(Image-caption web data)
□ □ □

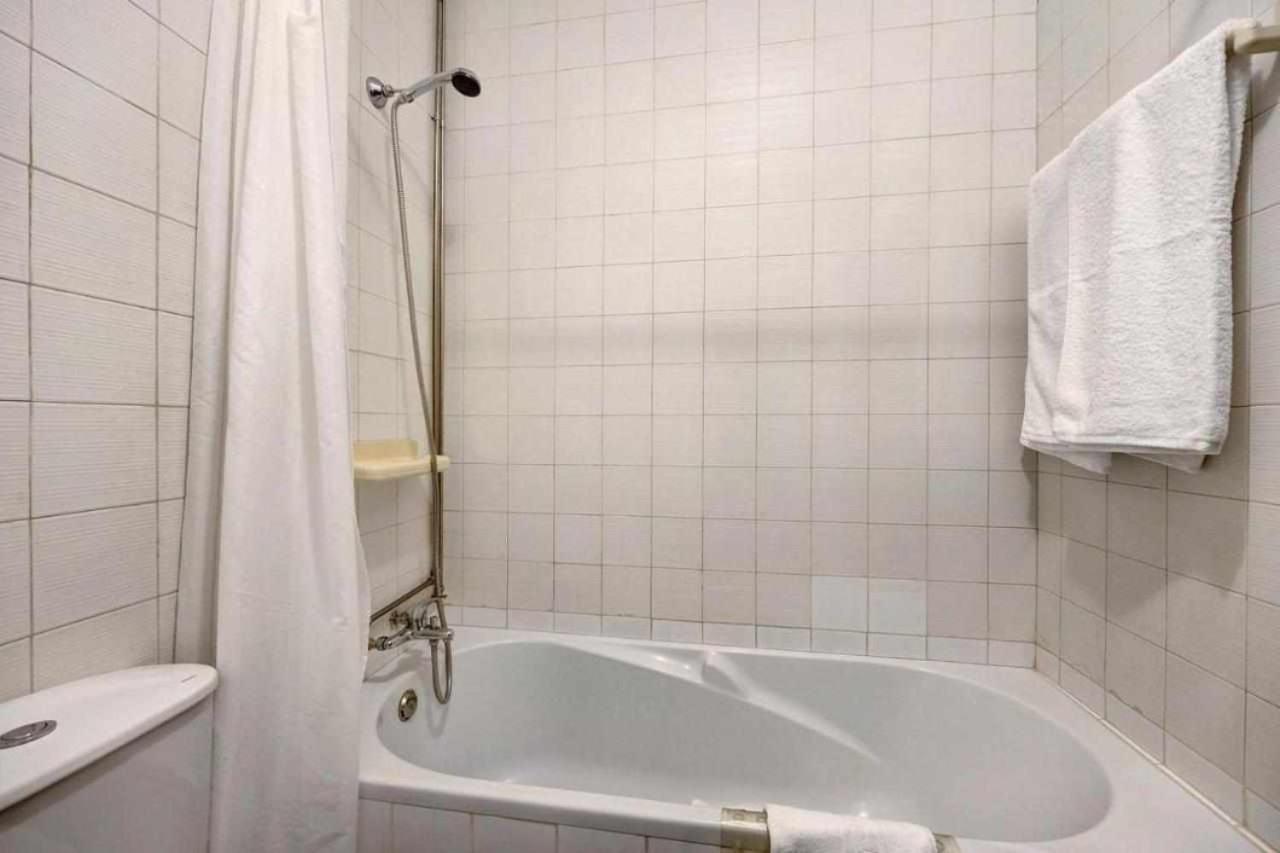 Apartamentos Torre Da Rocha Frente Ao Mar Portimão Kültér fotó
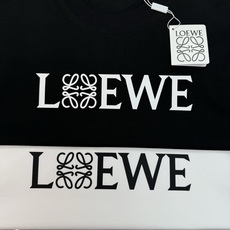 LOEWE罗意威Anagram字母阔版纯棉短袖T恤|男女同款❤️ 将罗意威标志性Anagram四连环图腾嵌入LOGO字母 LOEWE罗意威Anagram字母阔版纯棉短袖T恤|男女同款❤️ 将罗意威标志性Anagram四连环图腾嵌入LOGO字母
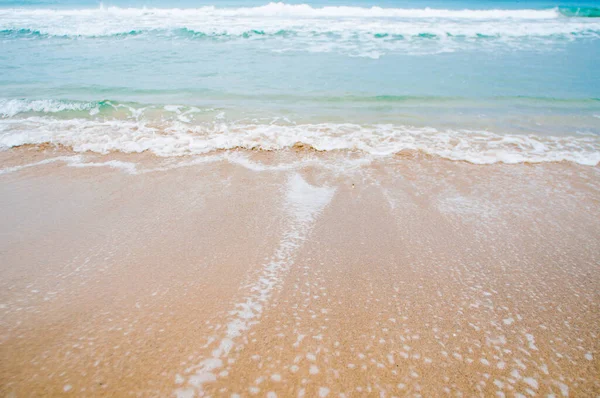 Akdeniz 'deki kıyı manzarası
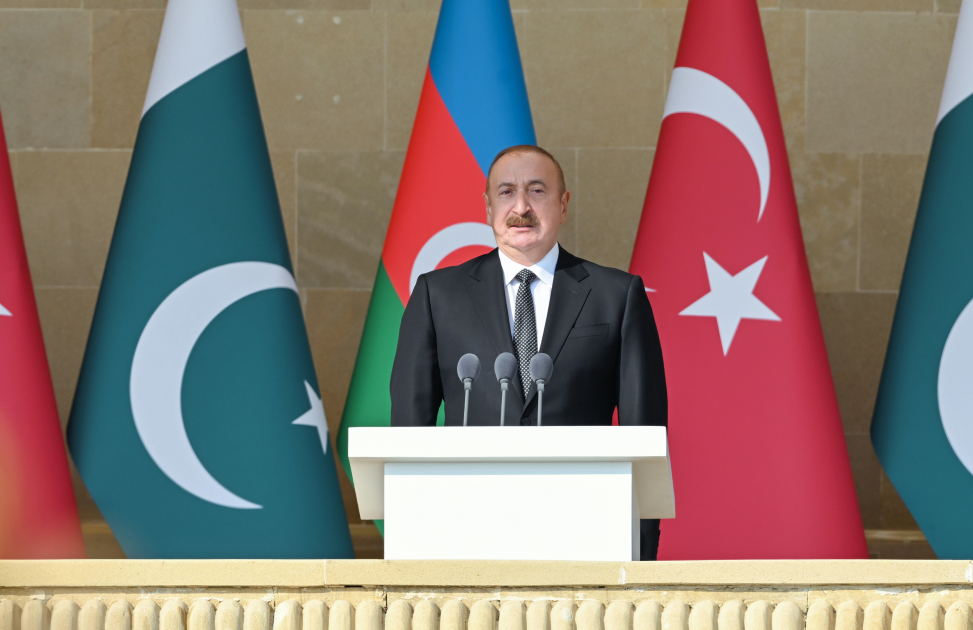 В Баку состоялся Военный парад, посвященный пятой годовщине Победы в Отечественной войне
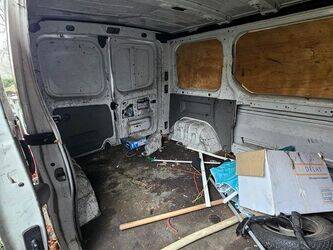 2010-renault-trafic-1435532-46186641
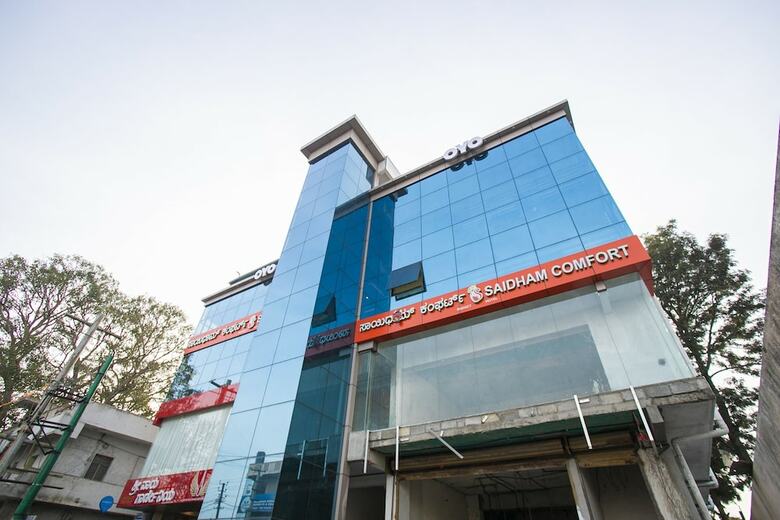 Hotel Oyo 19704 Sai Dham Comfort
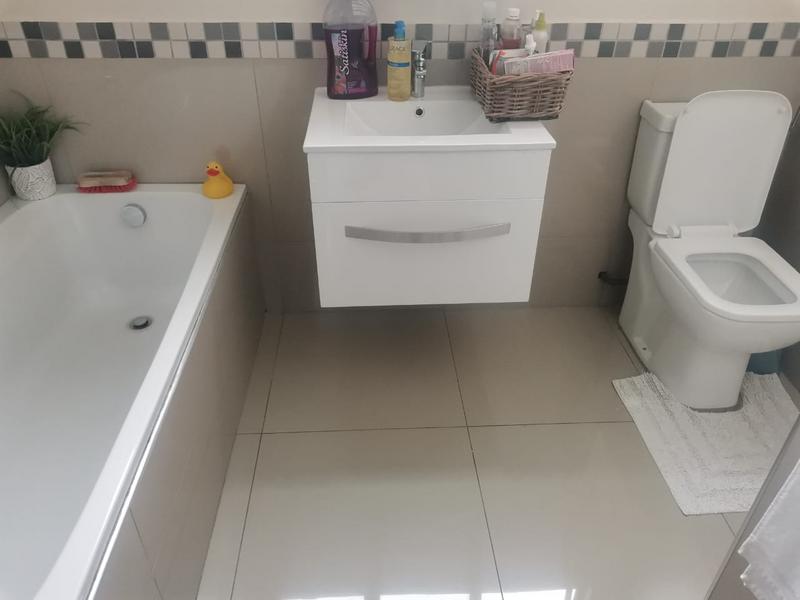 To Let 2 Bedroom Property for Rent in Moseley Park KwaZulu-Natal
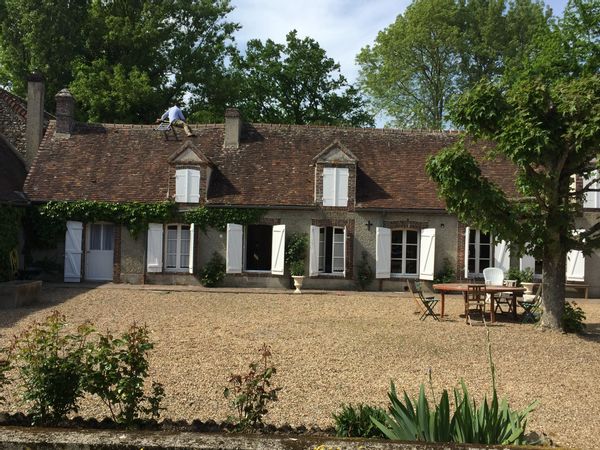 Maison avec grand parc et piscine à 30 minutes de la cathédrale de Chartres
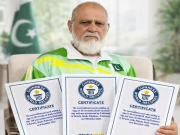 74 سالہ پاکستانی نسیم الدین نے گنیز ورلڈ ریکارڈز کی ہیٹ ٹرک مکمل کرلی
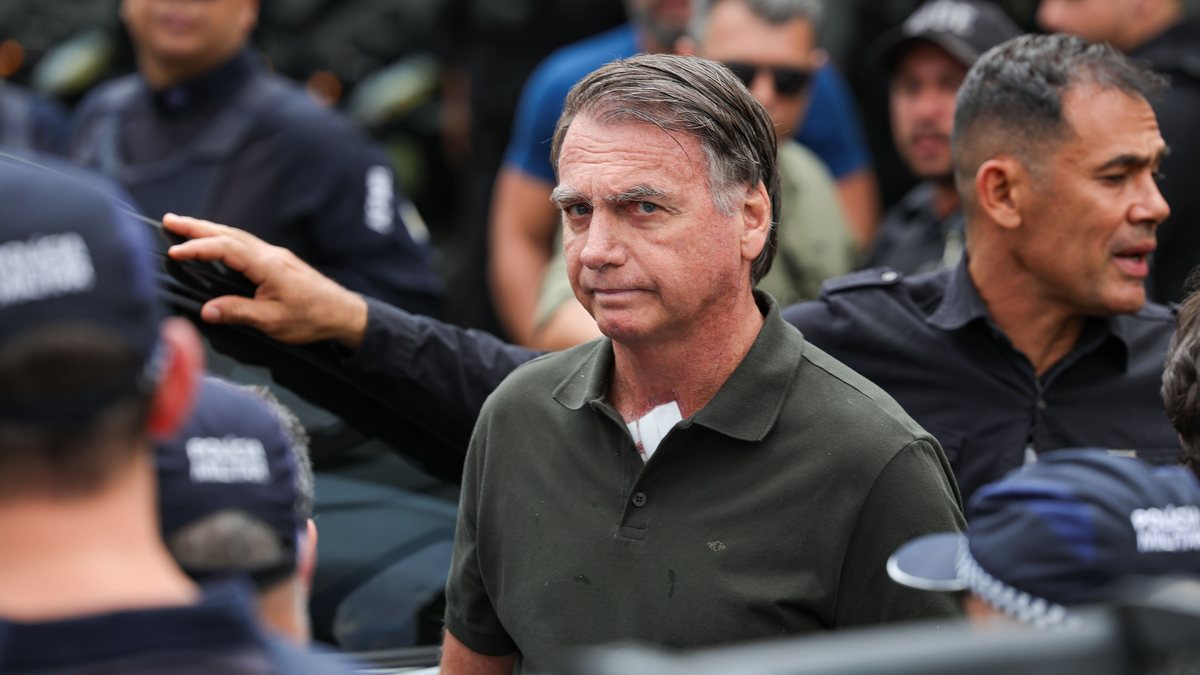 Defesa de Bolsonaro desiste de pedido a Kassio de suspensão de pena da trama golpista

□ □ □

Exercise prompt: With the images excluded, all entries are to be given again exactly.

Completed task:
 Apartamentos Torre Da Rocha Frente Ao Mar Portimão Kültér fotó
 LOEWE罗意威Anagram字母阔版纯棉短袖T恤|男女同款❤️ 将罗意威标志性Anagram四连环图腾嵌入LOGO字母 LOEWE罗意威Anagram字母阔版纯棉短袖T恤|男女同款❤️ 将罗意威标志性Anagram四连环图腾嵌入LOGO字母
 Akdeniz 'deki kıyı manzarası
 В Баку состоялся Военный парад, посвященный пятой годовщине Победы в Отечественной войне
 2010-renault-trafic-1435532-46186641
 Hotel Oyo 19704 Sai Dham Comfort
 To Let 2 Bedroom Property for Rent in Moseley Park KwaZulu-Natal
 Maison avec grand parc et piscine à 30 minutes de la cathédrale de Chartres
 74 سالہ پاکستانی نسیم الدین نے گنیز ورلڈ ریکارڈز کی ہیٹ ٹرک مکمل کرلی
 Defesa de Bolsonaro desiste de pedido a Kassio de suspensão de pena da trama golpista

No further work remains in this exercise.